Schools Key in Harlem Election

Press Releases

May 29, 2010

(From The Wall Street Journal, May 29, 2010)

By BARBARA MARTINEZ

Basil Smikle Jr. has a lot of ideas about how to address Harlem’s most vexing problems, from crime to housing to underemployment, but his biggest asset as he runs for state Senate against Bill Perkins may be that he supports charter schools.

Mr. Perkins, a two-term legislator from Harlem, has outraged the charter-school community with his vocal opposition of the schools.

During a hearing on charter schools that he organized in April, Mr. Perkins said that because so many of the schools serve predominantly African-American and Hispanic children, “there is concern that charters are creating a de facto re-segregationist educational policy in New York City,” Mr. Perkins said.

Daniel Clark, field director of a Harlem group called Parent Power Now, said he thinks Mr. Smikle, 38 years old, is a “good candidate,” but quickly added that this Senate race isn’t about Mr. Smikle. “This is a referendum on Perkins,” he said.

He said his eighth-grader was “saved” by a Harlem charter school and that Mr. Perkins “made a big mistake” by opposing the schools. Mr. Clark is working to mobilize parents to register to vote and to spread the word about Mr. Perkins’s position on charter schools.

Mr. Perkins, who went to high school at the private Collegiate School in Manhattan, declined to comment. A spokesman said Mr. Perkins’s children attend public schools but said he didn’t know if the schools are in Harlem.
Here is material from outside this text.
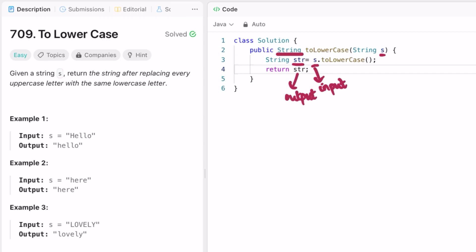And the space complexity is also O(1). But you can say that this toLowerCase method is using O(n) operations to convert all the letters, but the overall time complexity is going to be constant, and also space.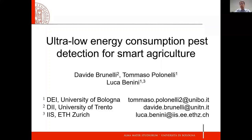Good morning, everyone. I'm Tommaso Polonelli, a PhD student at the University of Bologna. I would like to present my paper about low energy consumption pest detection for smart agriculture.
Mr. Clark’s efforts have some deep-pocketed backers, such as Democrats for Education Reform, which in recent months has plowed millions of dollars into efforts to raise the charter-school cap in Albany. On Friday, the legislature passed a sweeping bill to raise the cap to 460 from 200, and Mr. Perkins voted in favor of it. But the senator had voted against a similar effort in the past and earlier introduced his own version of legislation that would have curbed the schools. Mr. Clark’s Parent Power Now has received $20,000 for his parent-mobilizing efforts in Harlem from an offshoot of DFER, Education Reform Now.

In 2006, 23,000 people voted in a gubernatorial primary in Senate District 30, which includes most of Harlem, much of the Upper West Side and some of Washington Heights. Pro-charter voices like that figure. There are an estimated 10,000 children enrolled in 16 Harlem charter schools, or about 20% of all Harlem children. In addition, about 14,000 children are on waiting lists for Harlem schools, though not all reside in Harlem.
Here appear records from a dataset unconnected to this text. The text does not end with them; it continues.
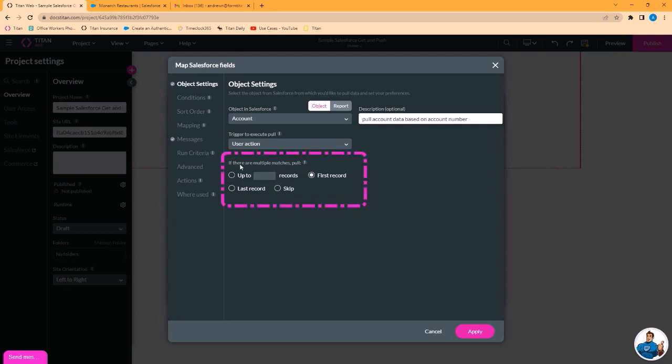If we find multiple matches, you can pull up to a certain number of records or only the first record or last record, or skip. In this case, we want to only match the first record.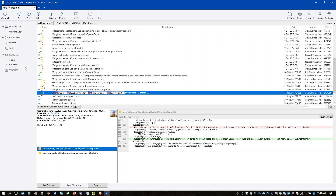Now if you expand Upstream under Remotes, it will show you the branches that are there for the upstream repository. You've now got that content from the upstream repository on your local system — this is all the most current stuff that's in there, including the branches.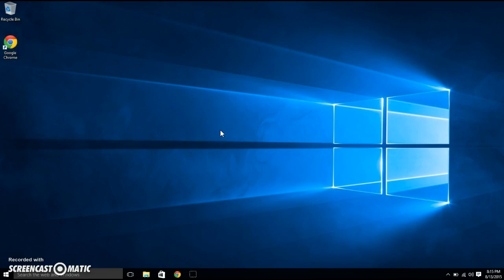For my computer, which is the Notebook Toshiba, you press Fn along with F9. For me when I press that, my mouse froze. Like right now it doesn't work.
Mr. Smikle said he wants to support all schools, but is a fan of the choice that charter schools help provide. He said his mother, a public-school teacher in Queens, made such a choice for him in the Bronx, when she sent him to Catholic schools because she felt the public schools were unsafe. He recalls being unable to go out to play during the summer until he finished the math problems his mother posed for him. If he wanted to stay up late to watch a certain television show, he could only do so if he wrote a report about it.

Mr. Smikle, whose parents emigrated from Jamaica, graduated from Cornell University and then earned a master’s at Columbia, where he teaches a graduate course. He joined Hillary Clinton’s Senate campaign in 1999, then joined her staff after she won. Since 2003, Mr. Smikle has worked as a consultant on campaigns, including Mayor Michael Bloomberg’s last re-election. His specialty: the African-American vote.
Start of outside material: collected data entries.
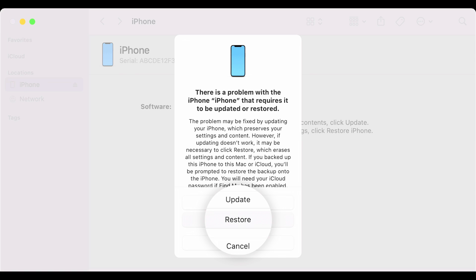If the update option doesn't work and your iPhone still shows a white screen, repeat the steps above and choose the restore option from the dialog box. Note that this will erase all data and settings on your iPhone and restore it to factory settings. If you've backed up your device data, feel free to do that. After the restore is complete, your iPhone should restart and prompt you to go through the initial setup process.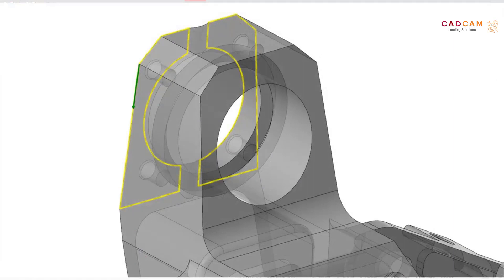When selecting chains in translucent mode, Mastercam displays a loop associated with the face even if the face is on the back side of the part.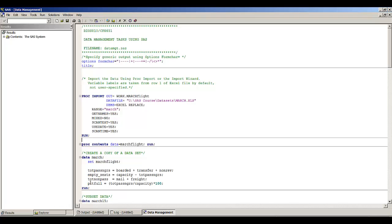I'm creating a couple of new variables in this new data set March: a variable called tot_passengers, a variable empty_seats, a variable tot_non_pass for total non-passengers, and a variable percent_full. I want to point out that these four new variables are on the SAS temporary data set March — they are not on the data set march_flight.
No longer an operative, Mr. Smikle said he now has to explain to voters who he is in neighborhoods where Mr. Perkins has deep roots. On a recent Saturday afternoon on the playground of P.S. 175, Mr. Smikle met with Perkins fans and detractors.

Mr. Smikle, who didn’t take off his blazer under the hot sun, explained his plans to preserve affordable housing and improve unemployment rates, hardly ever mentioning charter schools. To Iesha Sekou, an activist on street violence, he said: “I cannot tell you how crack and marijuana devastated my neighborhood.”

Ms. Sekou, who said she wanted an alternative to Mr. Perkins, listened politely, and invited him onto her weekly radio program to discuss his ideas. But she said she wasn’t yet convinced about Mr. Smikle’s prospects. “My concern is that we have someone who could win,” she said.